The IOMMU can be used to block DMA attacks.

==Examples==
Most modern systems divide memory into pages that are 4–64 KB in size, often with the capability to use so-called huge pages of 2 MB or 1 GB in size (often both variants are possible). Page translations are cached in a translation lookaside buffer (TLB). Some systems, mainly older RISC designs, trap into the OS when a page translation is not found in the TLB. Most systems use a hardware-based tree walker. Most systems allow the MMU to be disabled, but some disable the MMU when trapping into OS code.

=== IBM System/360 Model 67, IBM System/370, and successors ===
The IBM System/360 Model 67, which was introduced August, 1965, included an MMU called a dynamic address translation (DAT) box. It has the unusual feature of storing accessed and dirty bits outside of the page table (along with the four bit protection key for all S/360 processors). They refer to physical memory rather than virtual memory, and are accessed by special-purpose instructions. This reduces overhead for the OS, which would otherwise need to propagate accessed and dirty bits from the page tables to a more physically oriented data structure. This makes OS-level virtualization, later called paravirtualization, easier.

Starting in August, 1972, the IBM System/370 has a similar MMU, although it initially supported only a 24-bit virtual address space rather than the 32-bit virtual address space of the System/360 Model 67. It also stores the accessed and dirty bits outside the page table. In early 1983, the System/370-XA architecture expanded the virtual address space to 31 bits, and in 2000, the 64-bit z/Architecture was introduced, with the address space expanded to 64 bits; those continue to store the accessed and dirty bits outside the page table.

=== VAX ===
VAX pages are 512 bytes, which is very small. An OS may treat multiple pages as if they were a single larger page. For example, Linux on VAX groups eight pages together. Thus, the system is viewed as having 4 KB pages. The VAX divides memory into four fixed-purpose regions, each 1 GB in size. They are:
- P0 space
  Used for general-purpose per-process memory such as heaps.
- P1 space
  (Or control space) which is also per-process and is typically used for supervisor, executive, kernel, user stacks and other per-process control structures managed by the operating system.
- S0 space
  (Or system space) which is global to all processes and stores operating system code and data, whether paged or not, including pagetables.
- S1 space
  Which is unused and "Reserved to Digital".

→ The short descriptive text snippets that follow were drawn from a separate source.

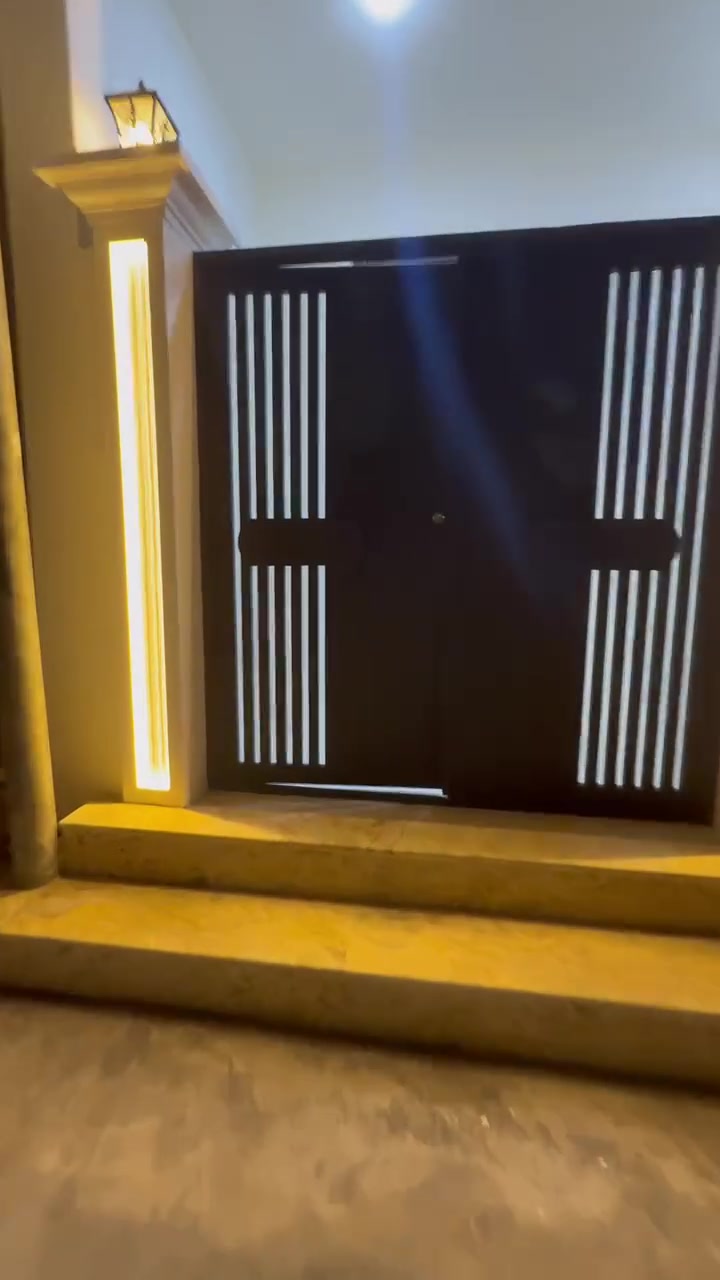 السلام عليكم
للبيع دار ١٠٠ متر طابقين طابوق شغل درجة أولى يحتوي على ٤ غرف نوم وصاله وستقبال وصحيات
العنوان كربلاء حي الزيتون 
البيت شغل درجة أولى شرط
لاستفسار اتصل *********** او تساب ***********
السعر 190  وبيه مجال.
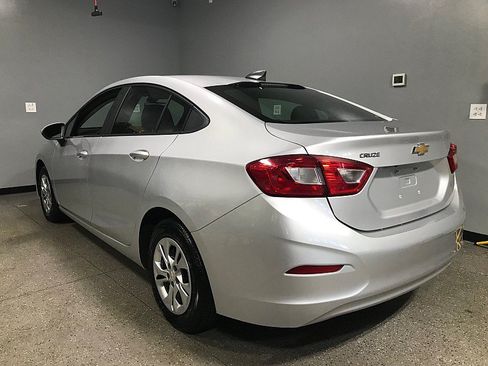 Used 2019 Chevrolet Cruze LS w/ LS Fleet Convenience Package FWD image 5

Page tables are big linear arrays. Normally, this would be very wasteful when addresses are used at both ends of the possible range, but the page tables for P0 and P1 space are stored in the paged S0 space. Thus, there is effectively a two-level tree, allowing applications to have a sparse memory layout without wasting a lot of space on unused page table entries. Unlike page table entries in most MMUs, page table entries in the VAX MMU lack an accessed bit. OSes which implement paging must find some way to emulate the accessed bit if they are to operate efficiently. Typically, the OS will periodically unmap pages so that page-not-present faults can be used to let the OS set an accessed bit.

=== ARM ===
ARM architecture-based application processors implement an MMU defined by ARM's virtual memory system architecture (VMSA). The current architecture defines PTEs for describing 4 KB and 64 KB pages, 1 MB sections and 16 MB super-sections; legacy versions also defined a 1 KB tiny page. ARM uses a two-level page table if using 4 KB and 64 KB pages, or just a one-level page table for 1 MB sections and 16 MB sections.

TLB updates are performed automatically by page table walking hardware. PTEs include read/write access permission based on privilege, cacheability information, an NX bit, and a non-secure bit.

=== DEC Alpha ===
DEC Alpha processors divide memory into 8 KB, 16 KB, 32 KB, or 64 KB; the page size is dependent on the processor. pages. After a TLB miss, low-level firmware machine code (here called PALcode) walks a page table.

The OpenVMS AXP PALcode and DEC OSF/1 PALcode walk a three-level tree-structured page table. Addresses are broken down into an unused set of bits (containing the same value as the uppermost bit of the index into the root level of the tree), a set of bits to index the root level of the tree, a set of bits to index the middle level of the tree, a set of bits to index the leaf level of the tree, and remaining bits that pass through to the physical address without modification, indexing a byte within the page. The sizes of the fields are dependent on the page size; all three tree index fields are the same size. The OpenVMS AXP PALcode supports full read and write permission bits for user, supervisor, executive, and kernel modes, and also supports fault on read/write/execute bits are also supported. The DEC OSF/1 PALcode supports full read and write permission bits for user and kernel modes, and also supports fault on read/write/execute bits.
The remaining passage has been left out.